- Born: Tristram Paul Hillier 11 April 1905 Beijing, China
- Died: 18 January 1983 (aged 77) Bristol, England
- Spouses: Irene Rose Hodgkins; Leda Millicent Hardcastle;
- Elected: ARA 1957, FRA 1967

= Tristram Hillier =

British painter (1905–1983)

Tristram Paul Hillier (11 April 1905 – 18 January 1983) was an English surrealist painter. He was a member of the Unit One group led by Paul Nash.

==Early life and education==

Tristram Hillier was born on 11 April 1905 in Beijing, China, the youngest of the four children of Edward Guy Hillier (1857–1924), a banker and diplomat, and Ada Everett. His elder siblings were Winifred, Maurice and Madeline.

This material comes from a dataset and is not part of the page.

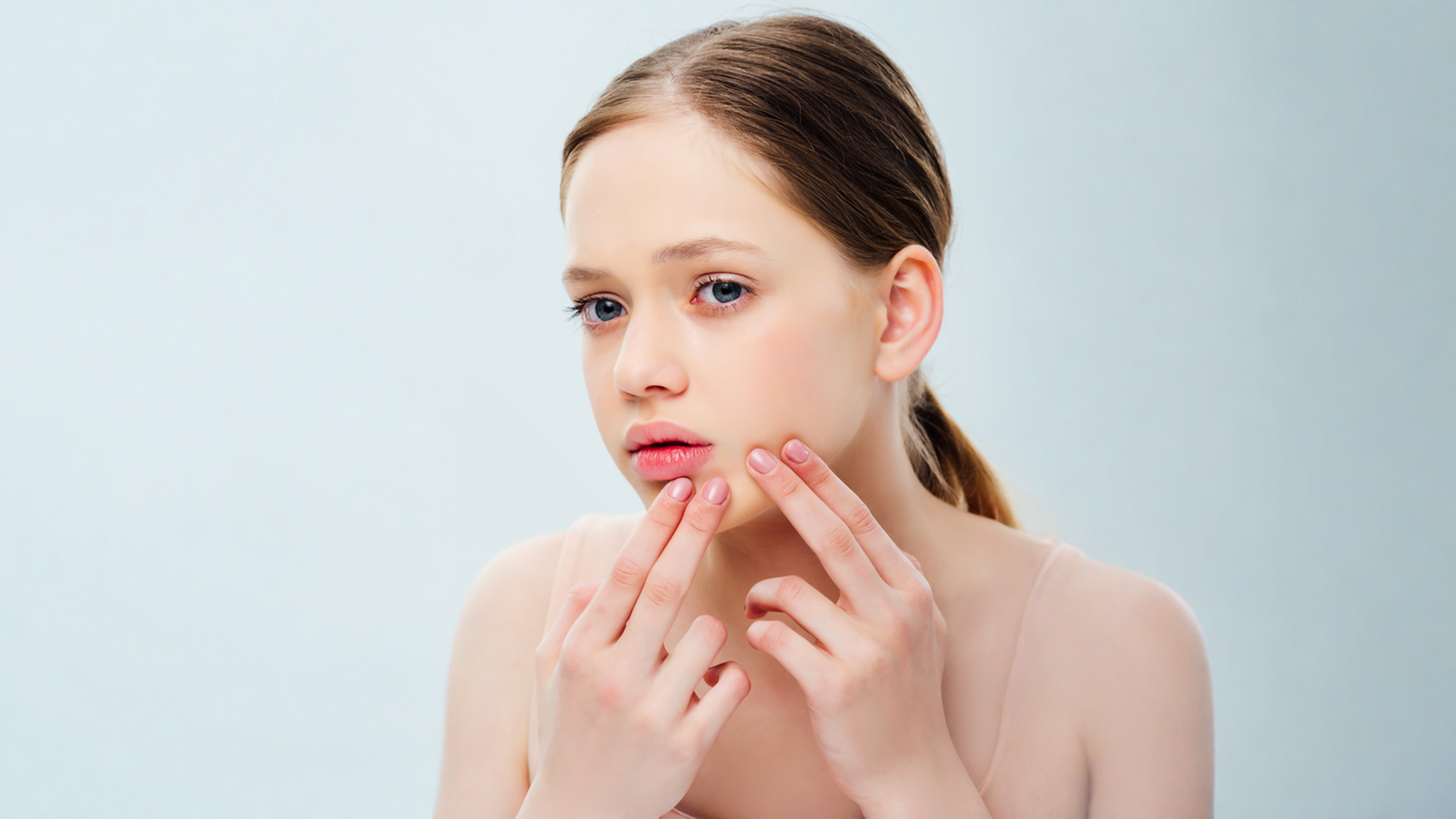 Acne Facial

In 1906, he ‘came to Europe from Peking for the first time at the age of six months in the company of my mother, my brother and [two] sisters, a Japanese ‘Amah’ and two Chinese servants’. The Amah was Tuk-San, a Roman Catholic convert, who was "the real influence in my life then and for many years later... and meant more to me ...than my own mother.

A Roman Catholic, he was educated at Downside School. In 1922 he returned to China to study the language, and visit his sister Madeline and Tuk-San and then until 1924 attended Christ's College, Cambridge. He went to the Slade in 1926, where he studied under Henry Tonks, and then to Paris where he studied for two years under André Lhote, and also at the Atelier Colarossi.

== Career ==
In Paris he met many members of the Surrealist movement; he was particularly influenced by Giorgio de Chirico and Max Ernst. He lived in France until 1940, but travelled extensively; he remained a surrealist painter throughout his life.

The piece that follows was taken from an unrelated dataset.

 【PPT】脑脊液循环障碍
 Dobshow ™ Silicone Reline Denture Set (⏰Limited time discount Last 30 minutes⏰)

His first one-man show was at the Lefevre Gallery in 1931; he later exhibited mainly at Tooth's Gallery. From 1933 he was a member of the Unit One group led by Paul Nash. During the Second World War he served in the Royal Navy Volunteer Reserve with the Free French.

After the war he lived in France and in Spain, and then went to live at Yew Tree House, East Pennard in Somerset, England. His autobiography Leda and the Goose was published in 1954.

A retrospective exhibition of his work was held at the Worthing Gallery in 1960. He was made an Associate of the Royal Academy (ARA) in 1957, and a Royal Academician (RA) in 1967.

== Personal life ==
Hiller married twice. From 1931 to 1935 he was married to Irene Rose Hodgkins, the daughter of a bookmaker, with whom he had twin sons, Jonathan and Benjamin. From 1937 he was married to Leda Millicent Hardcastle, daughter of Sydney Hardcastle, the inventor of the First World War Hardcastle torpedo; they had two daughters, Mary and Anna-Clare. He was a strict and aloof parent, and was given to darkening moods.

Tristram Hillier died in Bristol, England, on 18 January 1983. He was buried at Glanvilles Wootton Church, five miles south of Sherborne, Dorset on 22 January 1983 (record number 732 in the Parish Registers of burials 1880–1985). A local journalist, Seth Dellow, has been maintaining the grave since 2023. It is not known why Hillier is buried at Glanvilles Wootton Church.

==Works==
Works by Tristram Hillier are held in the collections of the Tate Gallery and many other public and private collections.

An exhibition at the Museum of Somerset in Taunton, ran from 9 November 2019 – 18 April 2020, see Landscapes of the Mind: The Art of Tristram Hillier.